To own land in this sense is to have a right to stand on a cone that extends from the center of the earth through the shape of your property lines and out into infinite space. No one owns property in this sense anymore. No, you do not own your airspace. You cannot forbid a plane or satellite nor charge them for passage. Likewise you probably cannot start drilling for oil in your backyard and if you did bring in a gusher you might well be arrested for stealing the crude someone else has claim to. We’ve surrendered much of the reality in our real estate. These, unlike the rights in the Declaration of Independence, did prove alienable. They have been sold away or abandoned to scavengers with gavels and pricey suits. And that is fine. Having a mineshaft in your garage could impact the other fellows property values, after all, but we must keep the kernel of it. Someone’s real estate gives them rights and privileges unknown elsewhere, however curtailed they have become but if there is no limit to that curtailment, always presented in millimeter-thin slices, then there are no rights nor privileges but a continued tax burden that somehow never stumbles.
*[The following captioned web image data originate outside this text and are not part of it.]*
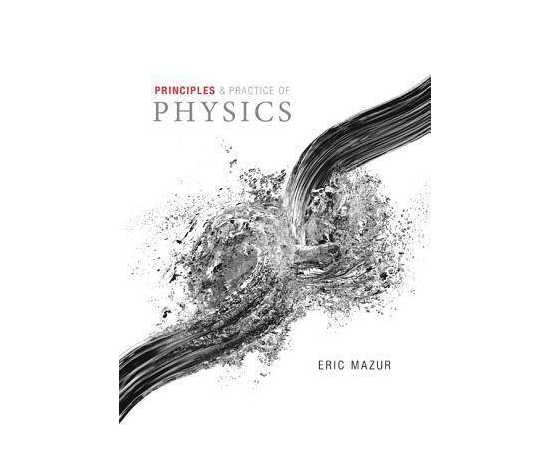 Principles & Practice Of Physics (PB)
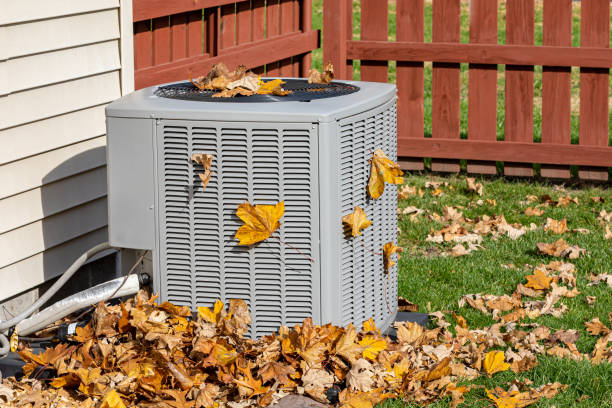 Best Affordable HVAC services  in Greenwood Village, CO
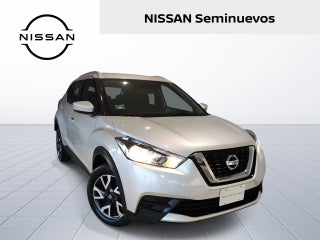 2020 Nissan KICKS SENSE 1.6 LTS T/M A/C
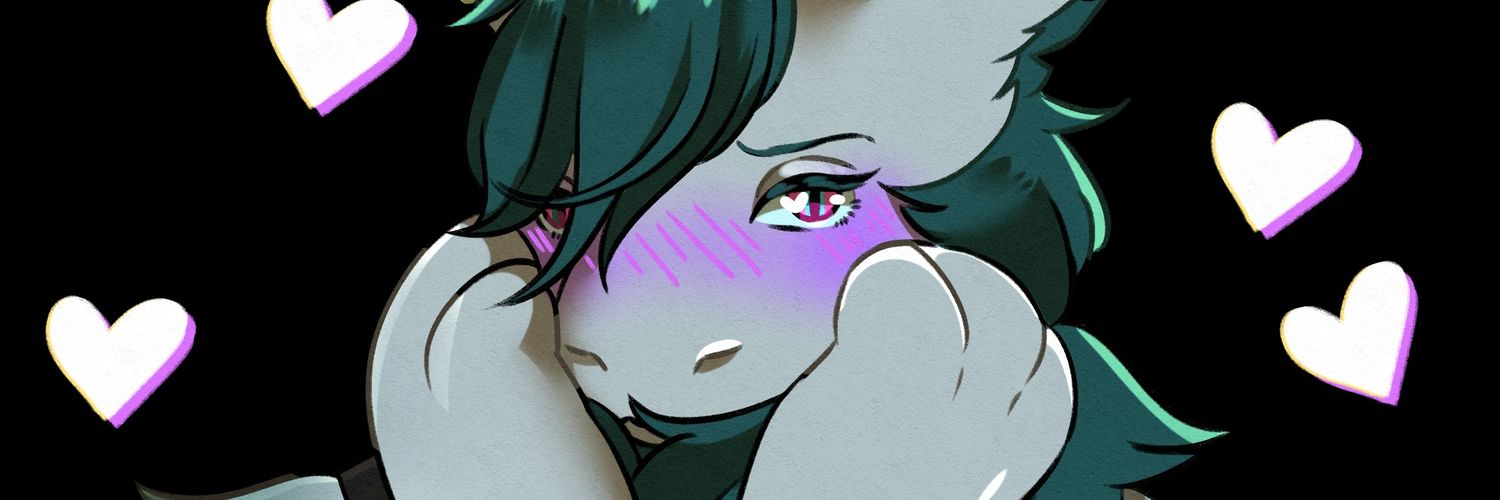 Astra Valentine banner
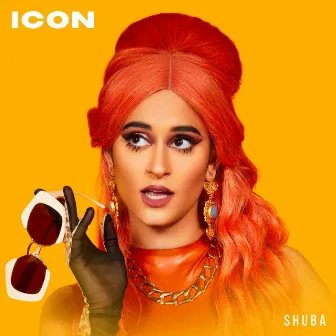 Icon by Shuba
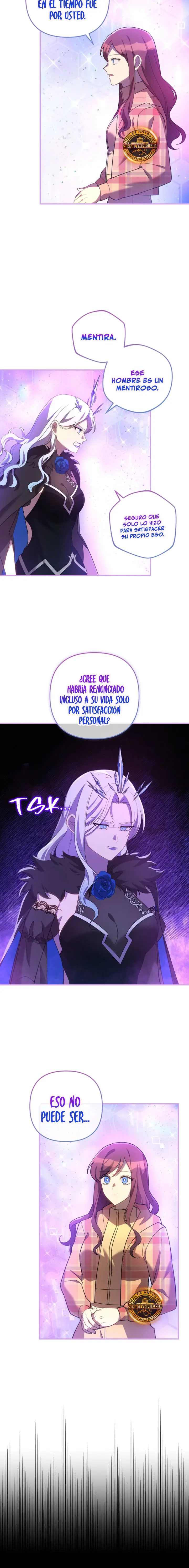 Mi hija es el jefe final Capitulo 154 página 3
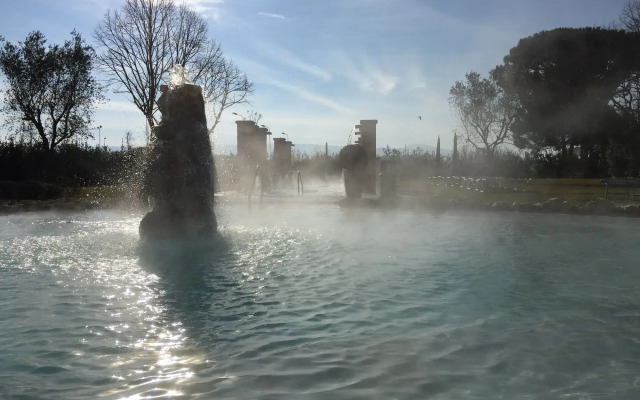 Hotel Salus Terme - Adults Only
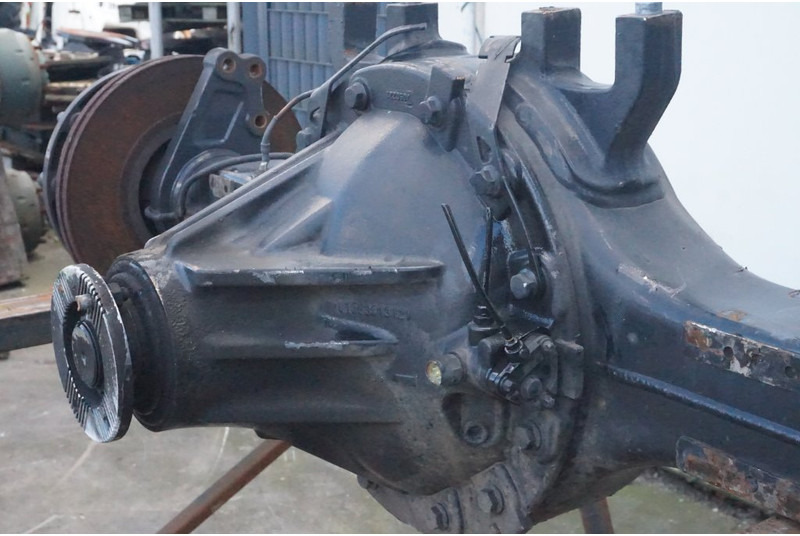 MAN HY-1344-03 37/16 I=2.31 - Achterass voor Vrachtwagen: afbeelding 3 MAN HY-1344-03 37/16 I=2.31 - Achterass voor Vrachtwagen: afbeelding 3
When I bought my place, or pledged to buy it with borrowed money, I surrendered a princely sum it will take thirty years to pay, if I ever do. Condos, especially high-rise and exotic, are far more volatile than free-standing homes held outright. Our estate is a bit less real than the next fellows, being subject to a variety of covenants and practical restrictions reflected in the current predicament where units are selling at around half of what they were, and then not briskly. I claim no airspace or mineral rights if only because I would have to bore through someone else’s front-room to get to them and the neighbor’s drain may well back up into mine. But what I do hold, so long as common law real estate exists, is a line to withdraw behind, a platform to stand on that no one can legally remove. That is not to say that they cannot remove it, just that it will be a crime…. for whatever that is worth. What the Holdings in Common people want is to replace this wobbling, uncertain conception with a great simplicity: all will have a landlord and the government shall be he. Whatever good is inherent in real property as a concept will be preserved by electing folks with the proper mindset, most likely our noble selves! The responsibilities and benefits of ownership will be replaced with appeals to political institutions. Real property as a store of wealth? That will be a quaint anachronism but not for long. Those who can, will leverage their claims until property is again owned in all but name by a few influential individuals. They will extract more and more from their unfortunate tenants until they must revolt or die. Warlord will fight warlord until one has a patch large enough to call himself King. Or we could pay our notes to the best of our ability and take our foreclosures if we must. Perhaps then I could have my statues without a ruination of the landscape but either way works for me.